This is the scenario of a friend:

He has met a Thai woman. She has two children, ages 6 and 9, from a previous relationship with a Thai man. There is a 5 year age difference between him and her. He is 40.

The woman and himself have fallen in ‘Love’ and decided to be together. When they first met online he didn’t know she had children but she did tell him after 3 months of talking together. Now they have met in person once (for 2 weeks) and a total relationship time of 6 months. He has not met her children. The kids stayed with the father’s grandmother when she visited.

She has a hairdressing business in the suburbs of Bangkok and her ex husband, Father of the children, is a policeman in the tourist area of lower Sukhumvit. The ex currently contributes almost nothing financially.

She has said her children come as part of the package and it is a take it or leave it scenario basically. She expects him to take them on as his own including financial responsibilities.
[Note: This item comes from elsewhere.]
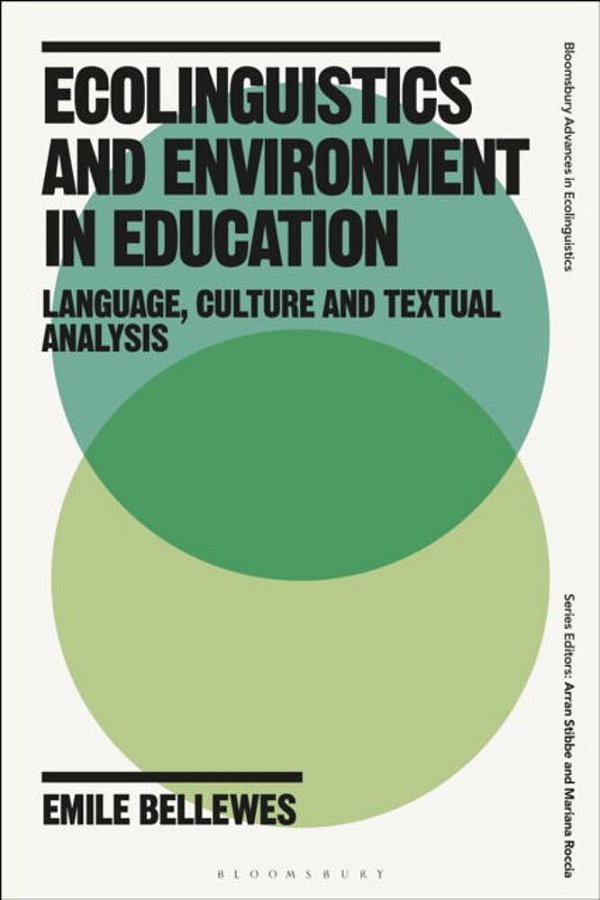 Ecolinguistics And Environment In Education: Language, Culture And Textual Analysis-..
He doesn't want to look after the children financially but is willing to pay rent/food/electricity/water etc for all 4 of them. He has told her he doesn't want to responsible for their future expenses and that they have a Father, with a job, who can do that. However, he still wants to be with her.

My advice to him was to stick to his guns otherwise resentment might build up. I can see where she is coming from though.

Surely her and the children are two distinct relationships to be viewed differently?

I’d be interested in what other people think about it.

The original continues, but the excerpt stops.